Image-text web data
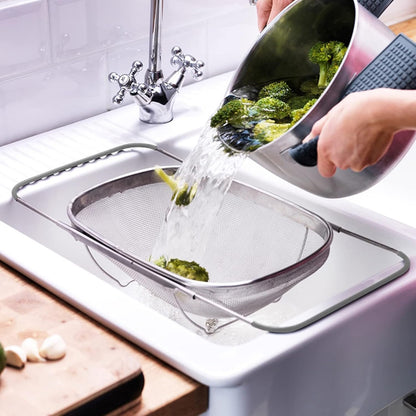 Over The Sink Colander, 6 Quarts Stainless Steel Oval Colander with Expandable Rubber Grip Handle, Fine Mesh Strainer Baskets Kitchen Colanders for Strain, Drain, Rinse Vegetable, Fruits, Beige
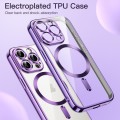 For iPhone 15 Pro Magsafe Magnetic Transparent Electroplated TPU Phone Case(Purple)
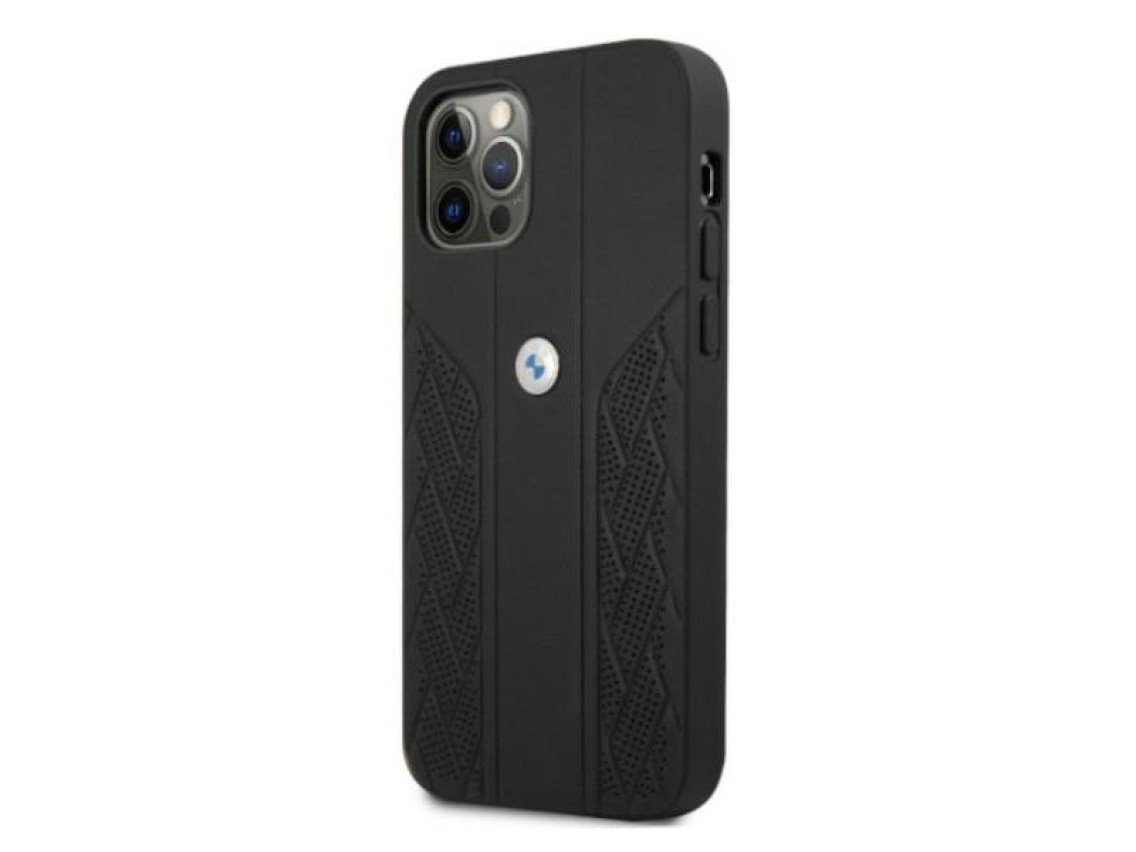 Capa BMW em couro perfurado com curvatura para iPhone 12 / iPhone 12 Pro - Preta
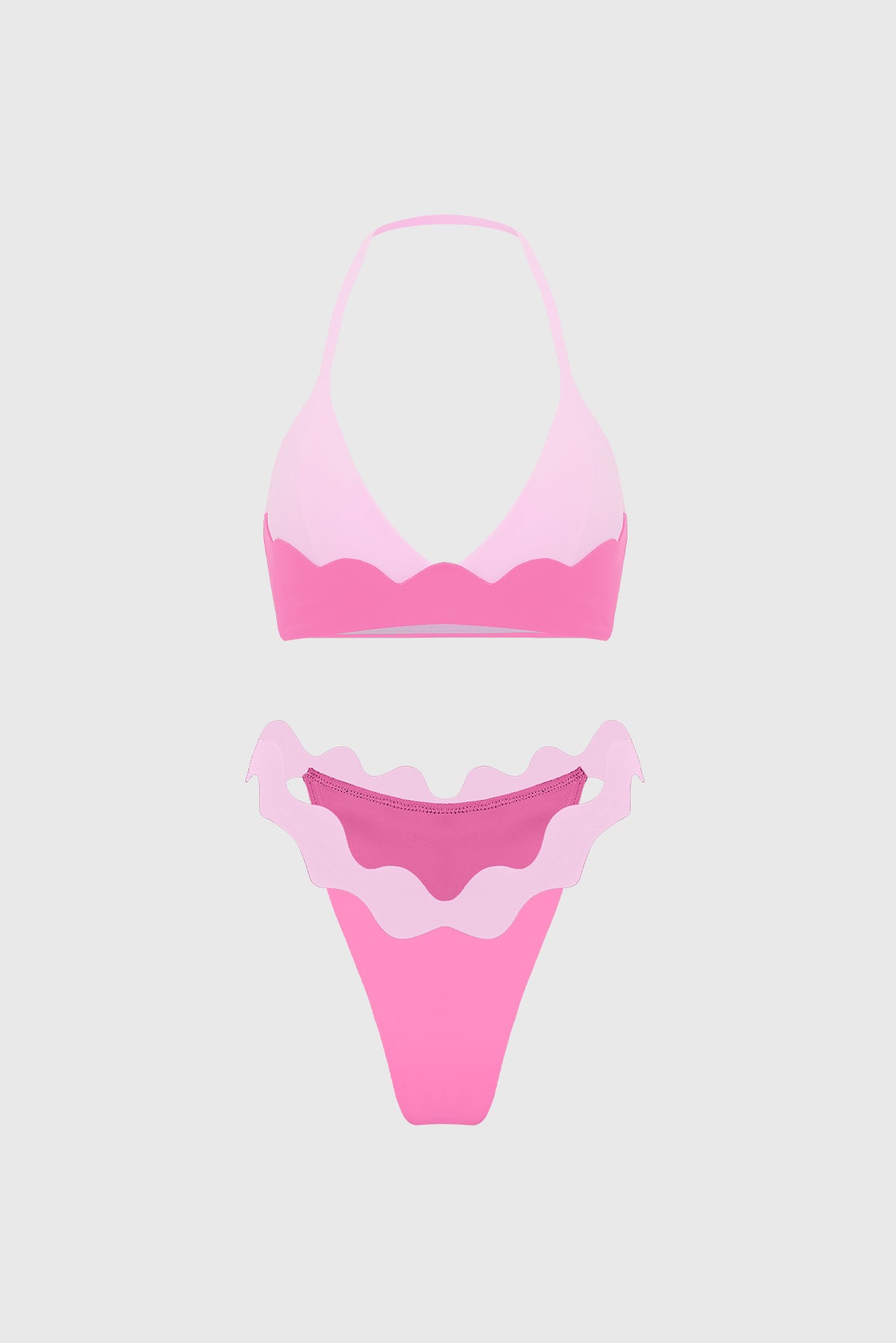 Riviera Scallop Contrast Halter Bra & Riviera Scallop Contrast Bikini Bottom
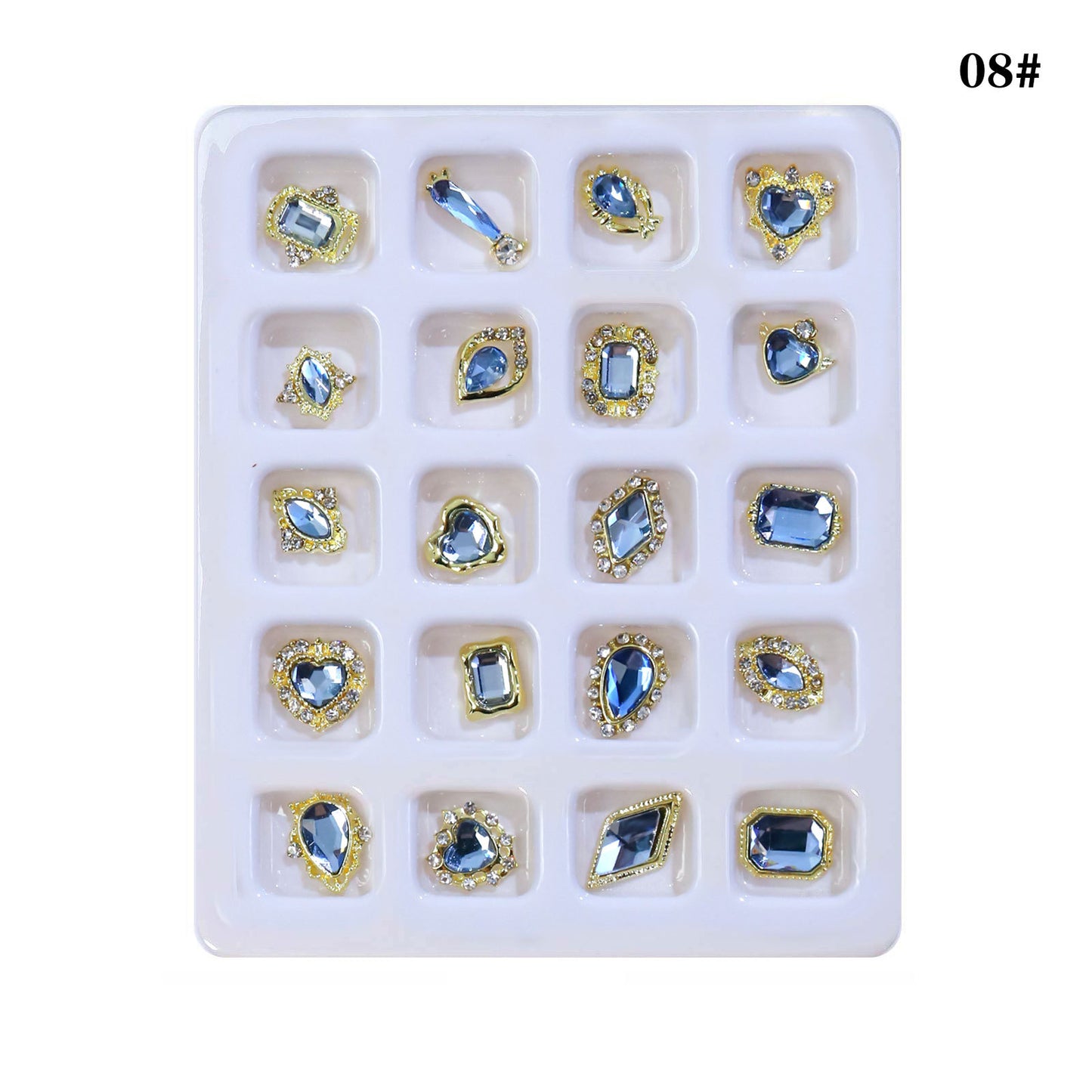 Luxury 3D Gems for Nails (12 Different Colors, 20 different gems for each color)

* _What you should do_: Every line from the one holding "For iPhone 15" through the end of the records above must be reproduced verbatim, pictures excepted.

* _Task solution_:
 For iPhone 15 Pro Magsafe Magnetic Transparent Electroplated TPU Phone Case(Purple)
 Capa BMW em couro perfurado com curvatura para iPhone 12 / iPhone 12 Pro - Preta
 Riviera Scallop Contrast Halter Bra & Riviera Scallop Contrast Bikini Bottom
 Luxury 3D Gems for Nails (12 Different Colors, 20 different gems for each color)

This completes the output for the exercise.